Irak Cumhuriyeti içinde özerk siyasi hüviyete sahip Kürdistan Bölgesel Yönetimi’nden (yani bizde resmi olarak yaygınlaştırılmış yanlış adla “Irak Kürt Bölgesel Yönetimi” değil) gelen bir turist kafilesi Trabzon-Uzungöl’de linç girişimiyle karşı karşıya kalarak ölümden döndü.
Sebep, 50 kişilik gruptaki 9 kişinin üzerinde mensubu oldukları bölgesel yönetimin adı bulunan “Kürdistan” yazılı atkıyla Uzungöl’de hatıra fotoğrafı çektirmek istemeleri…
Aslında iki eşit siyasi ünite arasında diplomatik krize dahi yol açabilecek bir gelişme bu… Evet, “iki eşit siyasi ünite” ve bunu anlamak için 23 Haziran seçimi öncesi Cumhurbaşkanlığı Dolmabahçe Ofisi’nde karşımızdaki Tayyip Erdoğan-Neçirvan Barzani tablosuna bakmak yeter.
Ama ne oldu? Eğer gerçekten bir “demokratik hukuk devleti” olma iddiasıyla hareket ediyorsanız, bu bakımdan hayret ve esef verici bir “siyasi keyfiyet” doğrultusunda, saldıranların değil, saldırıya uğrayanların cezalandırıldığı bir “hukuki” tasarrufla, turistler sınır dışı edildi.
Valilik, ülkeye misafir gelmiş insanların tekme-tokat dövüldüğü ve canlarını zor kurtardıkları hadiseyi, “vatandaşlarla Iraklı grup arasında arbede yaşandı” şeklinde “mütalaa etti”. Ardından, Çaykara Cumhuriyet Savcılığı’na 9 Irak uyruklu şahıs hakkında gözaltı işlemi yapıldığını ve tahkikata başlandığını belirtti.
Nihayetinde de Trabzon Cumhuriyet Başsavcılığı, Kürdistan Bölgesel Yönetimi’nden gelen bu 9 kişinin, atılan dayak onların da atanların da yanına kâr kalacak şekilde sınır dışı edilmelerine karar verdi.
Sonuç?.. Kürdistan bertaraf, Türkiye de payidar... Öyle mi oldu?!..
Burada, kendi evinde, köyünde, mahallesinde, beldesinde olmanın verdiği korkak özgüven ve cahil cesaretiyle topluca, arsızca, ahlâksızca ve alçakça aralarına misafir gelmiş yabancılara saldıranlar üzerinde durmaya değmez. Kendi yer ve yurtlarının sınırları dışına adım attıkları anda kişilik ve varlık olarak hiçleşecek olanlara söylenecek en ağır söz bile, kaale almak anlamında onlara ödül olur.

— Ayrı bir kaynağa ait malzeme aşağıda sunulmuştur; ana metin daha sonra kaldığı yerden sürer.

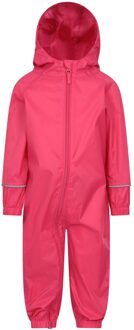Waterdicht Regenpak voor Kinderen/Kinderen (Roze)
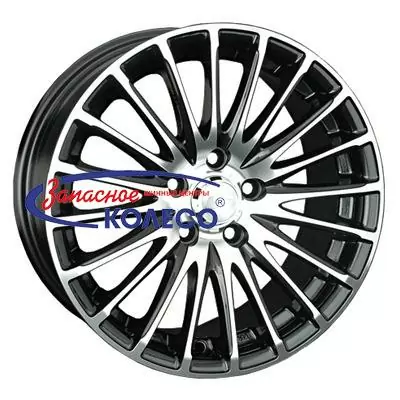 16'' 5x100 ET40 D73,1 7,0J LS 565 BKF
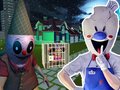 Lojë Ice Scream Scary Neighbor Horror 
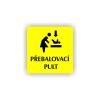 Cedule přebalovací pult | Piktogram (čtverec)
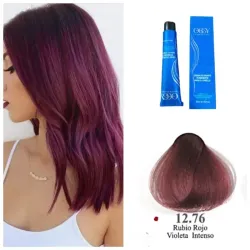 12.76 Rubio Rojo Violeta Intenso 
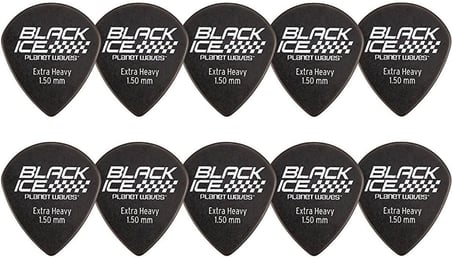 Planetwaves 3Dbk7-10 10 Sm - Pena - Blackıce-X-Heavy - Pena 10 Adetlik Set - Pena - Black Ice-X-Heav 869720416214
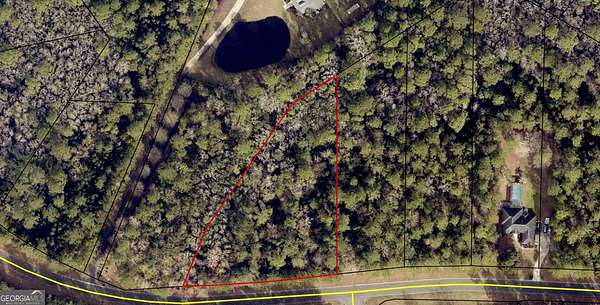 1.7 Acres of Residential Land for Sale in Woodbine, Georgia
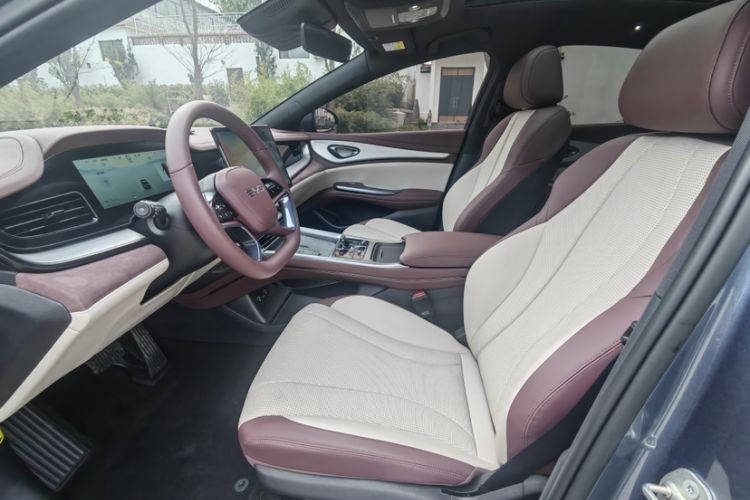 Used BYD Seal 07 DM-i 2025 DM-i 1.5L 125km Luxury Model Left Front Seat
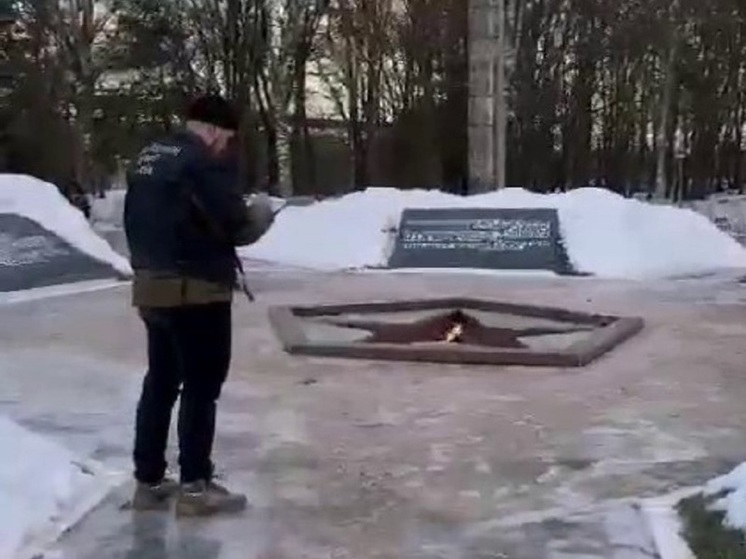 Уголовное дело возбудили после осквернения мемориального комплекса в Киришах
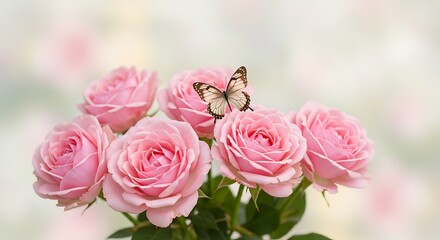 Obraz premium Whispers of Spring AI Generated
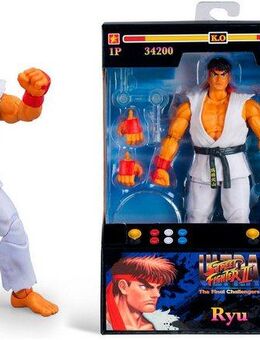JADA Spielfigur Street Fighter II Ryu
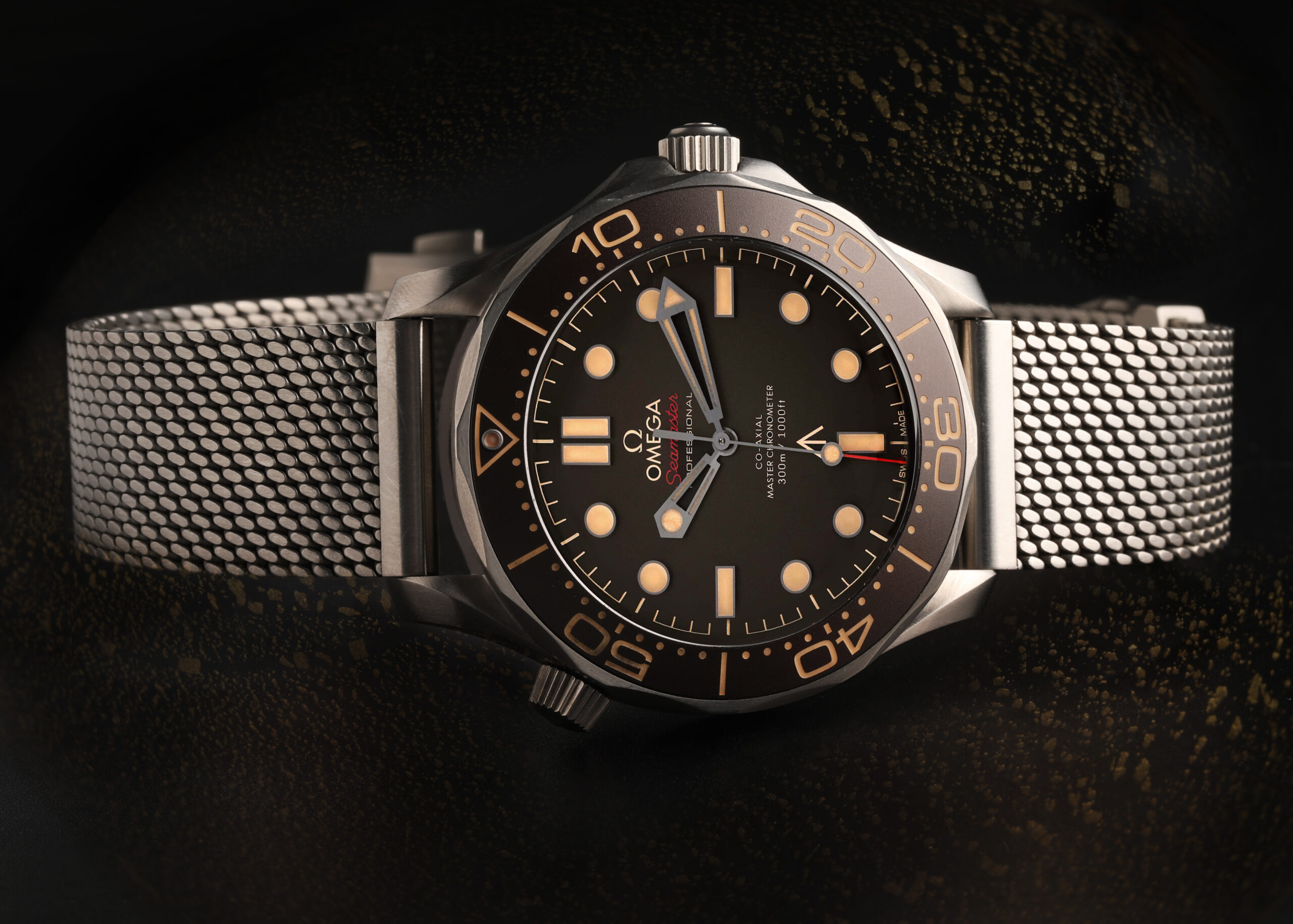 Omega Seamaster 007 Edition Titanium Mens Watch 210.90.42.20.01.001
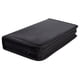 thumbnail image 2 of CD DVD Bolsa De Almacenamiento Estuche De Cuero PU Discos Soporte De DVD Negro 80Disc Heavy Duty Magideal Adapter, 2 of 4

Fakat devleti temsil edenlerin içinde bulundukları yüz kızartıcı çifte standardı belirtmeden geçmek, işte o da bize kendimizi acz içinde hissettirir!..
Trabzon’da “Kürdistan” diyebilir miydiniz Binali Bey?
O yüzden hatırlayalım! Binali Yıldırım bu ülkede ve bu iktidar bünyesinde başbakanlık, meclis başkanlığı yapmış ve liderinin inayetiyle İstanbul Büyükşehir Belediye Başkanlığı da yapmak istemiş bir “devlet adamı”.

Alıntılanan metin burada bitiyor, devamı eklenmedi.